Lucy accomplished it by promising her mother she would find a safe and convenient way for her to get around. She couldn’t be the full-time driver because she had a job, so she found someone else through their church. “For almost a year she would show up every Thursday,” Lucy said, “and eventually Mom started to have so much fun that it began to be about having fun, not about being dependent on someone else because she couldn’t drive.”
It was a bit more challenging when it became clear that it was dangerous for my own mother to be on the road. That’s because she was in the beginning stages of dementia and couldn’t always listen to reason. My family had to enlist the help of her doctor and I finally had to hide her keys. It caused a lot of stress for all of us, but eventually, she agreed that she shouldn’t be driving.
Adjusting to change
When Lucy’s mother’s driver moved out of state, she hired someone else through a local home care agency. “As time went on Mom needed more and more help,” Lucy said. “With each staff person we added, it took a few weeks to run smoothly, but we learned that the transition time would pass and the new people would soon become old friends.”
Lucy’s mother was able to stay in her home until she passed away a few years ago. In my mother’s case, because of her dementia, eventually, she was no longer safe living in her own home — even with a lot of support from family and caregivers.
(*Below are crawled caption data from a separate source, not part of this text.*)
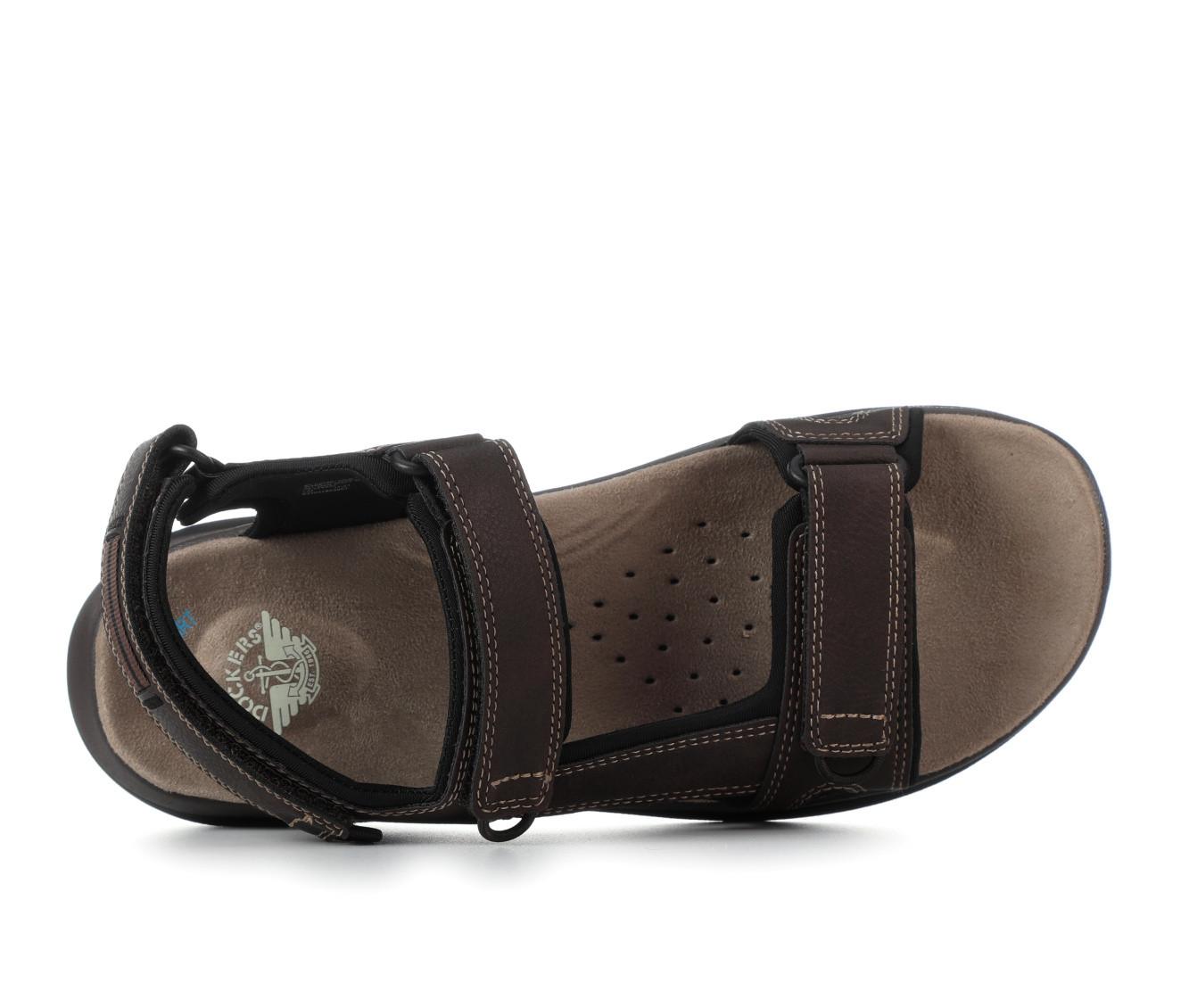 Men's Dockers Bradburn Outdoor Sandals | Shoe Carnival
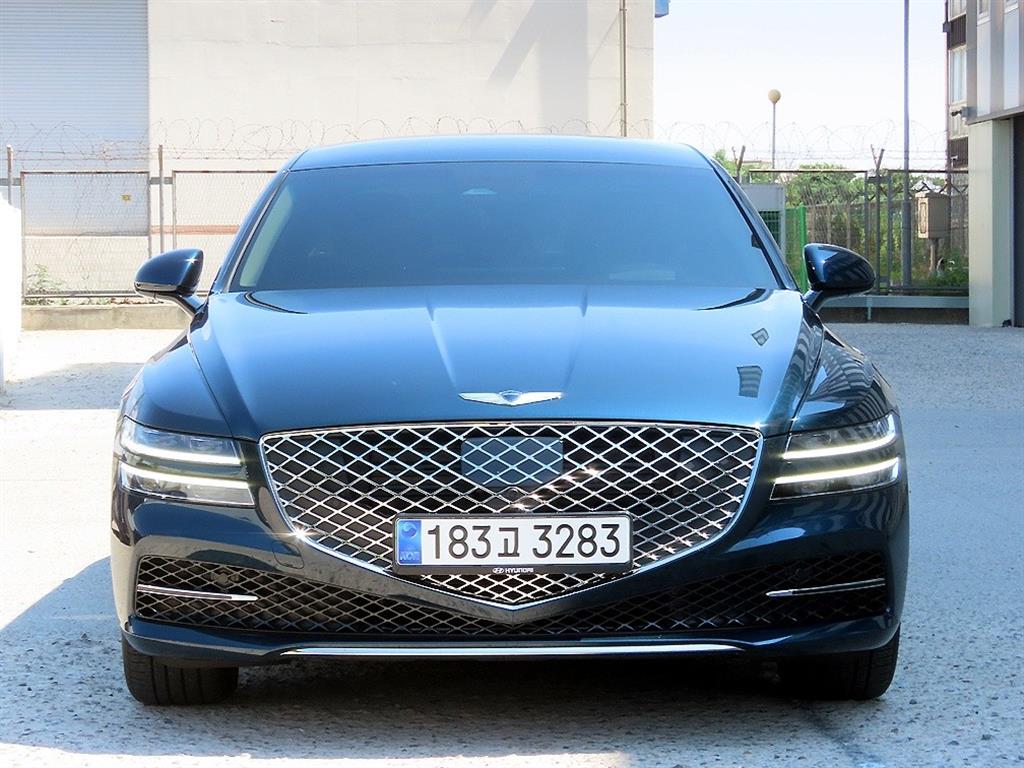 ���׽ý� �� �ô�G80 ���ָ� 2.5 2WD 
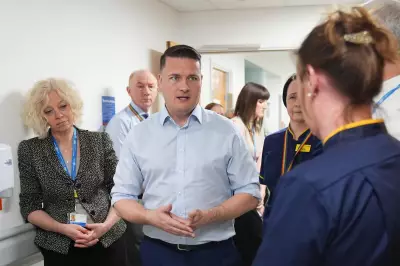 Wes Streeting's Resignation: A Pattern of Deprioritising Women's Health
If taking her car keys away was difficult, deciding to move my mother into a memory care facility was even harder. Once again, we turned to her doctor, who agreed that she should be in a safer environment. He had a conversation with her in my presence, which I repeated to her many times. She understood the situation in the moment, but each time I told her, it was like the first time.
When the day came for her to move in, she was extremely upset. With his permission, I put the onus on her doctor and said it was a trial to see how things went. In less than two weeks, she told me she wasn’t unhappy living there and before long it was her idea.
Ellen says as hard as change is, not only for the elderly person but also the entire family, everyone usually adjusts. Trouble is, people worry about it and keep putting off talking about it, whether it’s about driving or living alone when it’s no longer safe. The bottom line is your parent’s safety, she emphasized. “It’s all about safety versus quality of life, and trying to determine the acceptable risk.”
Gaining some peace of mind
And while you may have initiated a difficult conversation because you care about your parent’s well-being and happiness, Ellen said it doesn’t hurt to say it’s also because you want some peace of mind.
In one of their difficult conversations, that’s what motivated Lucy’s mother to agree to some extra help. “I said, look, Mom, I know YOU don’t need someone to do this, but I need someone to do this. It’s for ME. ‘Well,’ she said, ‘if it makes YOU feel better, let’s try it.”’
Knowing that our mother was in a safe place made a world of difference for me and my siblings. As her dementia progressed, so did our stress levels. None of us could move in with her full-time like Lucy and her husband did with her mother. My mother was well-cared for her in her new home and often told me she was glad she made the decision to move there!
If you’ve had some difficult conversations with your parents, how did it go? Do you have any tips to share?